CodePudding user response:

The Service Bus client library does not support synchronous operations. In order to use it synchronously, you will need to resort to sync-over-async in your application.

One of the reasons for this design is that the underlying AMQP transport used by the client library is fully asynchronous. To offer a synchronous API, the SDK clients would need to use sync-over-async which wouldn't be apparent to calling applications and would potentially make debugging thread pool issues more difficult for application developers.

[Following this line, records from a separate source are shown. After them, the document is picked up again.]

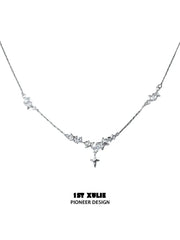 1ST XULIE "Silver Angel" Minimalist Stardust Layered Choker Necklace in 925 Sterling Silver - On Model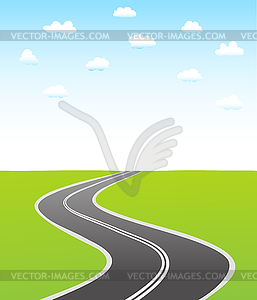 Black asphalt road and sky with clouds - vector clipart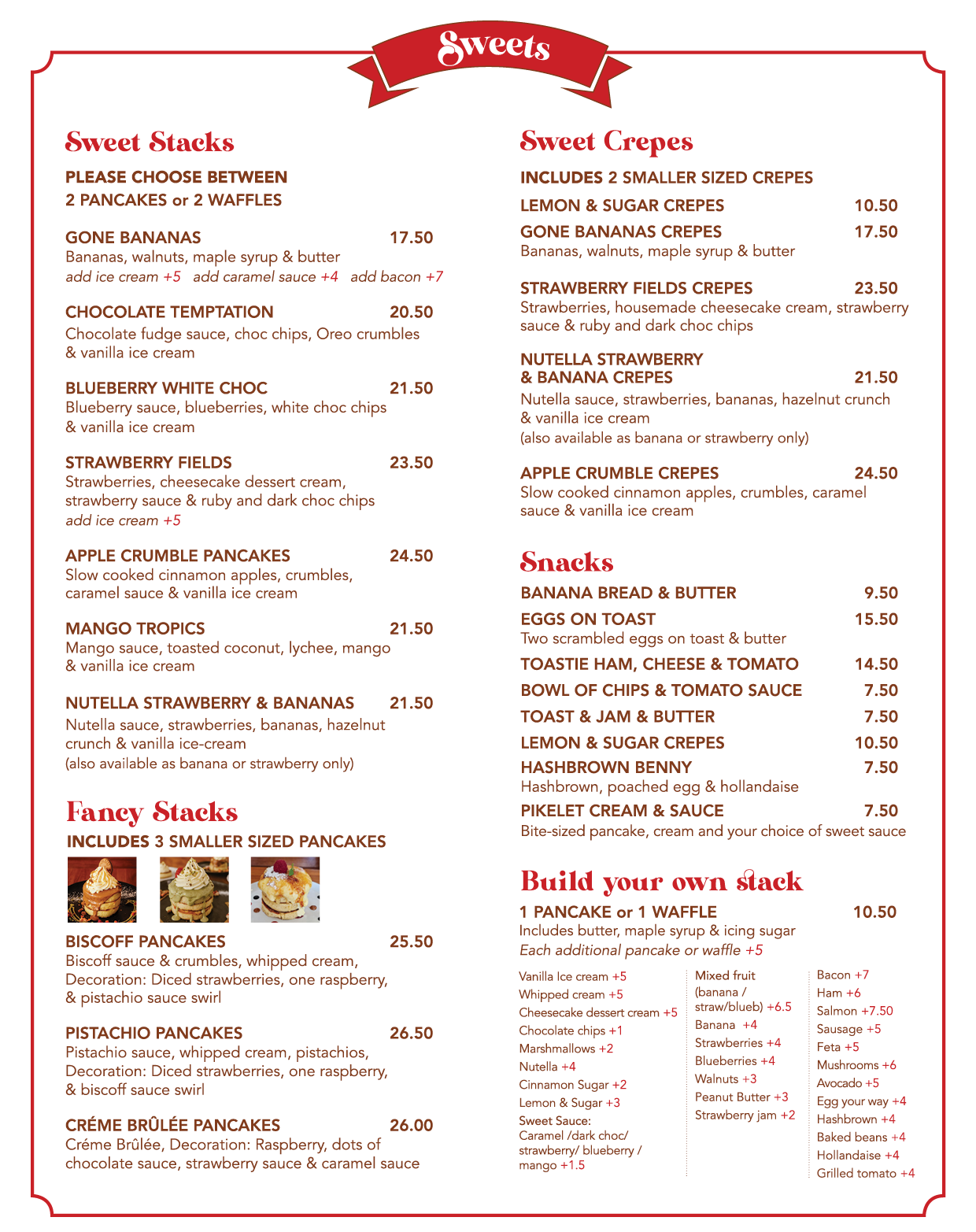 Helga's Menu - Sweets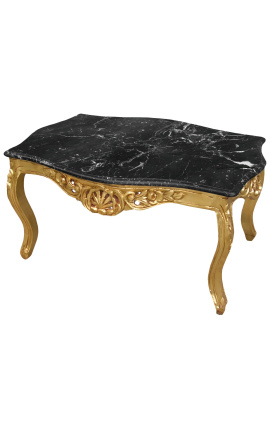 Tavolino in stile barocco in legno dorato con marmo nero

CodePudding user response:

The most correct answer is obviously to re-write your code base to follow async / await patterns on all I/O bound calls and reap the benefits of scalability by doing so.

However, since you say you've got a large legacy code base, if you're on .Net Core, you'll be able to provide pseudo sync overloads by using sync-over-async, e.g.:

public static class MyServiceBusExtensions
{
    [Obsolete("TODO - convert our codebase to async")]
    public static void SendMessage(this ServiceBusSender sender, ServiceBusMessage message)
    {
        sender.SendMessageAsync(message, CancellationToken.None).Wait();
    }
}

This will obviously block on the callers thread.